* [Exercise]
Since only the total matters, count the lines of these entries containing the word "Floral" and write that total alone.

BEGIN Records provided

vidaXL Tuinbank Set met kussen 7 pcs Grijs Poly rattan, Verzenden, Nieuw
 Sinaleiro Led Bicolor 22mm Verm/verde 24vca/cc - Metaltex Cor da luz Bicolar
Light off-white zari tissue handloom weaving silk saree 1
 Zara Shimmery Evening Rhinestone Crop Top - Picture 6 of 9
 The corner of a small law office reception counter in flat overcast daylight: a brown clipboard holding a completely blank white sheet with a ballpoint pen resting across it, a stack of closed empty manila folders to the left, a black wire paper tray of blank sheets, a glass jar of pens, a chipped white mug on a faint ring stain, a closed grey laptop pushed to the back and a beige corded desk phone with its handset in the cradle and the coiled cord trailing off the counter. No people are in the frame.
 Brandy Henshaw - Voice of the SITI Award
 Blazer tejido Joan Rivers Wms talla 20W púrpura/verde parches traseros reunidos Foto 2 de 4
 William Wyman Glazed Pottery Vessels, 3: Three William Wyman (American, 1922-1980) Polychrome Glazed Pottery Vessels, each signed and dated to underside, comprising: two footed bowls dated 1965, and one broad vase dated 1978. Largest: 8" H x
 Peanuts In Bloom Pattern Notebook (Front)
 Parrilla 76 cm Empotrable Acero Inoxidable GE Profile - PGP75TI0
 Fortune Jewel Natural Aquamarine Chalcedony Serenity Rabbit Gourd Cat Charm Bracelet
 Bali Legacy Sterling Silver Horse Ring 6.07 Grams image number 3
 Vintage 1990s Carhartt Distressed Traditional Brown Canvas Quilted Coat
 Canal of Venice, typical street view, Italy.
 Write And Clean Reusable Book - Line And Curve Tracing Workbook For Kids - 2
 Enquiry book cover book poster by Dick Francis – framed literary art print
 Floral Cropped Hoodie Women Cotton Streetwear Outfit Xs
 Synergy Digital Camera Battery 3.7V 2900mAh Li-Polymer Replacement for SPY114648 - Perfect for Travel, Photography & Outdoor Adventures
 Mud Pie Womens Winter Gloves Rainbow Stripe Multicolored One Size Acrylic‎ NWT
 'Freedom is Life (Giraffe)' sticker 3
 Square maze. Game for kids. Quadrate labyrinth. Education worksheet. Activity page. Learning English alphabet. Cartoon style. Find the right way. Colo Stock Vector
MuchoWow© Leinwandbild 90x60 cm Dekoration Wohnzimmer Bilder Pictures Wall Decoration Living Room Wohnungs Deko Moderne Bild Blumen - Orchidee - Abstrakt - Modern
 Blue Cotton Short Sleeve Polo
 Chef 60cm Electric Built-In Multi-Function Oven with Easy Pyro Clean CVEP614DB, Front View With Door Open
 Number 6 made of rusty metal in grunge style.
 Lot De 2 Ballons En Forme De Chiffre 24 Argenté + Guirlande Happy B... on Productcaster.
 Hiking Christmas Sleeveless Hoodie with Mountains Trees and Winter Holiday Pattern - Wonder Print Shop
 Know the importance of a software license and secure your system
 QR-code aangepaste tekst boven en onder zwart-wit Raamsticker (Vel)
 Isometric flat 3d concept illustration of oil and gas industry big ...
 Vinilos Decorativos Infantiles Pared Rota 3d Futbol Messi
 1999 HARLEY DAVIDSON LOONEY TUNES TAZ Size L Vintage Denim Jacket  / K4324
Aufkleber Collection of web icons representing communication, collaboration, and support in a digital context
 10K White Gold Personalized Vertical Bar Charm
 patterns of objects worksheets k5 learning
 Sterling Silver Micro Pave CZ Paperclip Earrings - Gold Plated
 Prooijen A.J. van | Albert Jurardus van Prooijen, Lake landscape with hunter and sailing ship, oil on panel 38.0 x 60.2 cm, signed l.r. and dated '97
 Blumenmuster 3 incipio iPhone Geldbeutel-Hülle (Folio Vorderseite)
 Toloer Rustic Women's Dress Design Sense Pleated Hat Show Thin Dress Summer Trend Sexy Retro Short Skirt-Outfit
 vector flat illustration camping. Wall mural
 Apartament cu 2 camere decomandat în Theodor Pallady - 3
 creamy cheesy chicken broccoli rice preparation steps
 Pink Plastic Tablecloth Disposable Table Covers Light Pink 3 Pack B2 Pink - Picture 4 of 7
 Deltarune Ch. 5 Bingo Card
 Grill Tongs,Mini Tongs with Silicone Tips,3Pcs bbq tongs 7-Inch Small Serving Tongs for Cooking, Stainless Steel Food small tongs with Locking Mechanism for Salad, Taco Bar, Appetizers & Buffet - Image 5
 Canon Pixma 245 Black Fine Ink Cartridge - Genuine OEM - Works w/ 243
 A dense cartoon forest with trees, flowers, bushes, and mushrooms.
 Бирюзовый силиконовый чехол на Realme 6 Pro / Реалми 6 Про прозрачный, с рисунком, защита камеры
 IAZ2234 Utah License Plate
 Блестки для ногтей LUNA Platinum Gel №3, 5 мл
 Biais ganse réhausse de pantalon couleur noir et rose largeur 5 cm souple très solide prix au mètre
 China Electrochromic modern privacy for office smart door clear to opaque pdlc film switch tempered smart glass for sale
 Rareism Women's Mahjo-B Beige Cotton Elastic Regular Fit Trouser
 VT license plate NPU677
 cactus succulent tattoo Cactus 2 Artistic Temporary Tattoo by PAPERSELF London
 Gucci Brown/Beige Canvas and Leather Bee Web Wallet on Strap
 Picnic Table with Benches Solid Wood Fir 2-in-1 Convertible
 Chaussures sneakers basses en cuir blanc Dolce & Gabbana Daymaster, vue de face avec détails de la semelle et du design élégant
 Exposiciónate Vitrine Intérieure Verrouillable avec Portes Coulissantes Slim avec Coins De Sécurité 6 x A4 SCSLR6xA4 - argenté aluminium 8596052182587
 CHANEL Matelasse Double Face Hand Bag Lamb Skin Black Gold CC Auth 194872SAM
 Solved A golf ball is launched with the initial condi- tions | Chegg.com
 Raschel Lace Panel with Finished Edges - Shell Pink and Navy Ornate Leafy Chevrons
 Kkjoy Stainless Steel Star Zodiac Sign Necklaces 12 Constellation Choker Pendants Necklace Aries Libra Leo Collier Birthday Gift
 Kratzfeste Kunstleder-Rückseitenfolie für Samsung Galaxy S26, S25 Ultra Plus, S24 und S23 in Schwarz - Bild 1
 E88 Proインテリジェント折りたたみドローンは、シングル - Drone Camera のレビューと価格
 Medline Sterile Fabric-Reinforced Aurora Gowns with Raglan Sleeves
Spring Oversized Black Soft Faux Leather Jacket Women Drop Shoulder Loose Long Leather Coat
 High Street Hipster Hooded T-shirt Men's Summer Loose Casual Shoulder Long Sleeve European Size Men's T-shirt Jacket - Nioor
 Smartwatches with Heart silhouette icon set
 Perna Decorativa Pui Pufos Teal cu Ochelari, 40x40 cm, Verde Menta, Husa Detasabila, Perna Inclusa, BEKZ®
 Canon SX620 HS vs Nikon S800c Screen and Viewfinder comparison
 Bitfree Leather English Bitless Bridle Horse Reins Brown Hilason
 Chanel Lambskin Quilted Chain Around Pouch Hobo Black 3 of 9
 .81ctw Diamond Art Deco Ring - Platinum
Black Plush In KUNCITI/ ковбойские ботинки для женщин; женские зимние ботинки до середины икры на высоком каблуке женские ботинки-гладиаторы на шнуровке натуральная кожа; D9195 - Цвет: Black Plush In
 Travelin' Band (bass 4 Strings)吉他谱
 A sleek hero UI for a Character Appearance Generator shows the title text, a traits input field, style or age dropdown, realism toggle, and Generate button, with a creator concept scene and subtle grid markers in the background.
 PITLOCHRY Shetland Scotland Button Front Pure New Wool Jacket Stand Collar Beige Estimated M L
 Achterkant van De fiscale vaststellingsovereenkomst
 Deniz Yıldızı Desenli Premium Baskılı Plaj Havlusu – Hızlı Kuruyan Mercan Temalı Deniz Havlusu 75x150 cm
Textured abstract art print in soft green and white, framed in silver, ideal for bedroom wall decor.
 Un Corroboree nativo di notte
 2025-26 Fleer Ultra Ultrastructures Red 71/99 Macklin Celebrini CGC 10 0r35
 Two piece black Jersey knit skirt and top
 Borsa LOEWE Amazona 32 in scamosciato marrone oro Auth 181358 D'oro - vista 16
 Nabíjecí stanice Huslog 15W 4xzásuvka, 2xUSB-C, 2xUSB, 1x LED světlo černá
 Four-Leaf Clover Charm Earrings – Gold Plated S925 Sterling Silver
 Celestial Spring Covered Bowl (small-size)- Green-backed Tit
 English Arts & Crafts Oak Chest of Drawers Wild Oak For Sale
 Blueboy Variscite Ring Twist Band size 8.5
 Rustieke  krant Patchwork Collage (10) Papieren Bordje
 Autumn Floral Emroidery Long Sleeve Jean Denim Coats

END Records provided

* [Written response]
2